The tax intake was 5% higher than in 2015 - and 1.4% higher than had been projected at €47.9bn.
The state still ran a deficit of just over €1bn - which has widened out from €64m in 2015.
However the Department of Finance said the higher deficit figure was partly caused by reduced bailout repayments coming in from banks.
When the reduced repayments are factored in to the figures, the shortfall was €864m lower than it was in 2015.
However, the country had to pay out just over €6.8bn on interest and servicing costs for the national debt - down from €7.1bn last year.
The deficit was €445m below the level the Minister for Finance Michael Noonan targeted when he unveiled the 2017 Budget in October.
“Our citizens deserve quality public services to help develop a fairer Ireland,” said Minister Noonan. “The amount of tax collected in 2016 is at an historic high.”
“It has provided not only for the extra expenditure incurred in 2016 but for the substantial tax reductions announced in the Budget in October 2015 and delivered during the course of 2016.”
Income tax receipts rose by 4.4% to €19.2bn last year beating the department’s projections by 0.9%.
VAT intake was 3.4% (or €440m) less than the government was hoping for - however it still rose by 4% on 2015 to €12.4bn.
John Palmer from the Department of Finance said it is still too early to say whether the shortfall is the result of cross border shopping as a result of the exchange rate with sterling:
"There are the anecdotal stories of people going across the border and online shopping," he said. "But against that if you look at excise alcohol, which is normally one of the products for cross border shopping, has held up really well and is up in year on year terms and ahead of profile."
Mr Palmer said the tax performance for the month of December in particular was disappointing:
“The tax performance for the month was a little bit disappointing coming about €150m below profile and a key contributor to this was a large corporation tax repayment of about €150m,” he said.

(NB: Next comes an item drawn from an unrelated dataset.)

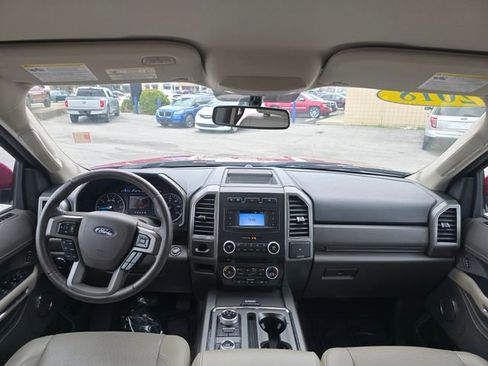 Used 2018 Ford Expedition XLT w/ Equipment Group 201A image 16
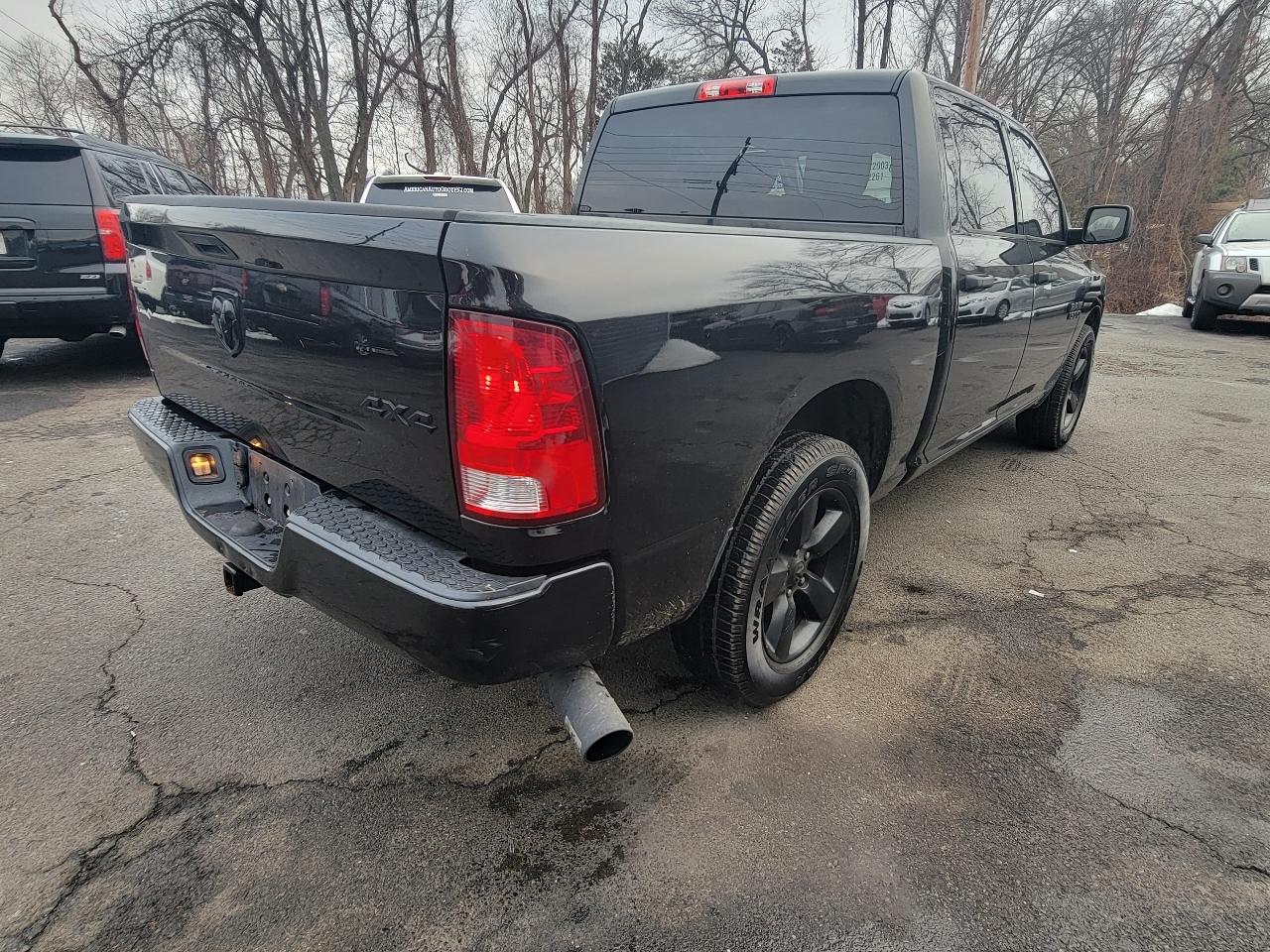 RAM 1500 Express 4x4 Crew Cab 5'7" Box 2018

“Gross voted expenditure, which had been well below profile at the end of November, caught up in December.”
Corporation tax was the stand-out performer - with receipts 7% ahead of last year and well ahead of forecast.
Peter Vale, tax partner at Grant Thornton said the tax receipts are healthy overall and suggest the Exchequer is in a strong position heading into 2017.
“Probably the best news for the government is that the strong corporation tax receipts look sustainable, providing a buffer against any Brexit related dip in tax receipts elsewhere,” he said.
“Income tax receipts also grew strongly over the previous year, reflecting both more numbers at work and higher wages.